_ASSIGNMENT:_ Retype, word for word, every line of the records below starting at the one that contains "Kim gives her" and ending at the one that contains "<p>President Jimmy Carter"; include both of those lines and nothing more.

*** EXCERPTED DATA Section Begins ***

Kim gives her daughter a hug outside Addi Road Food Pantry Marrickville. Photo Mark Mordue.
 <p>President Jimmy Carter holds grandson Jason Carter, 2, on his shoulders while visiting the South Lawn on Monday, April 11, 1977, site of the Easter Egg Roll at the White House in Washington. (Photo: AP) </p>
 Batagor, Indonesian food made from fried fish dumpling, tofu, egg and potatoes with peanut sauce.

*** EXCERPTED DATA Section Ends ***
*** EXCERPTED DATA Section Begins ***

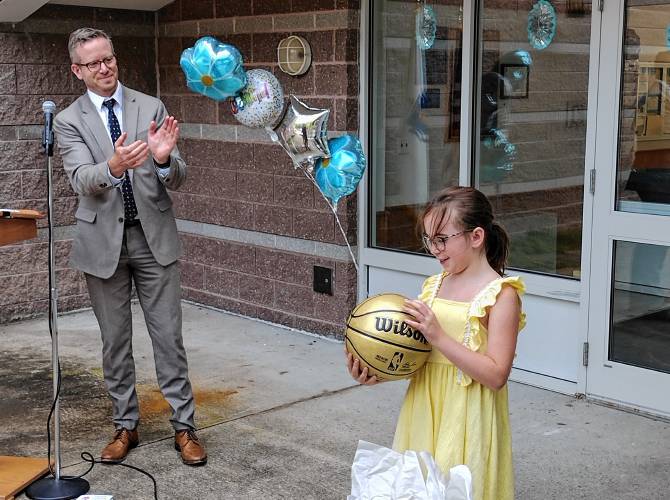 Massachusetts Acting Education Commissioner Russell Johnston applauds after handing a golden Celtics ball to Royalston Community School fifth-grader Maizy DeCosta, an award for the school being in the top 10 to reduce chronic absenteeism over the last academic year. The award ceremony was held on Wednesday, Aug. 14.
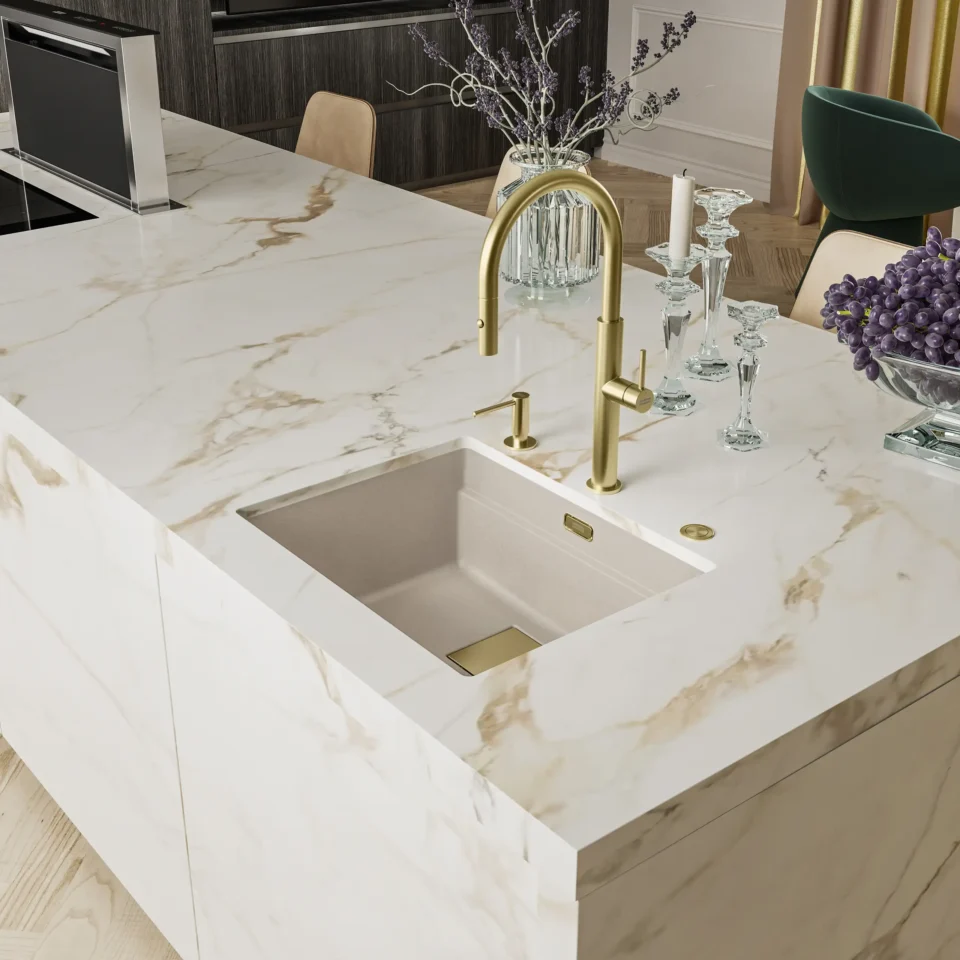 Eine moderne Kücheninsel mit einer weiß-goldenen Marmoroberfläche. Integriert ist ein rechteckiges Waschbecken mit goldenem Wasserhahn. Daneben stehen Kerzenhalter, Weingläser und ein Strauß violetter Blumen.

*** EXCERPTED DATA Section Ends ***
*** EXCERPTED DATA Section Begins ***

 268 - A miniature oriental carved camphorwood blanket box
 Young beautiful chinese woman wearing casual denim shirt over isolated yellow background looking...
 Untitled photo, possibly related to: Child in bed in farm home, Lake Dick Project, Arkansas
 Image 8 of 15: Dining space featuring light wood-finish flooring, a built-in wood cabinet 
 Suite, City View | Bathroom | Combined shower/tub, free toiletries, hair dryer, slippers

*** EXCERPTED DATA Section Ends ***

_TASK RESULT:_
Kim gives her daughter a hug outside Addi Road Food Pantry Marrickville. Photo Mark Mordue.
 <p>President Jimmy Carter holds grandson Jason Carter, 2, on his shoulders while visiting the South Lawn on Monday, April 11, 1977, site of the Easter Egg Roll at the White House in Washington. (Photo: AP) </p>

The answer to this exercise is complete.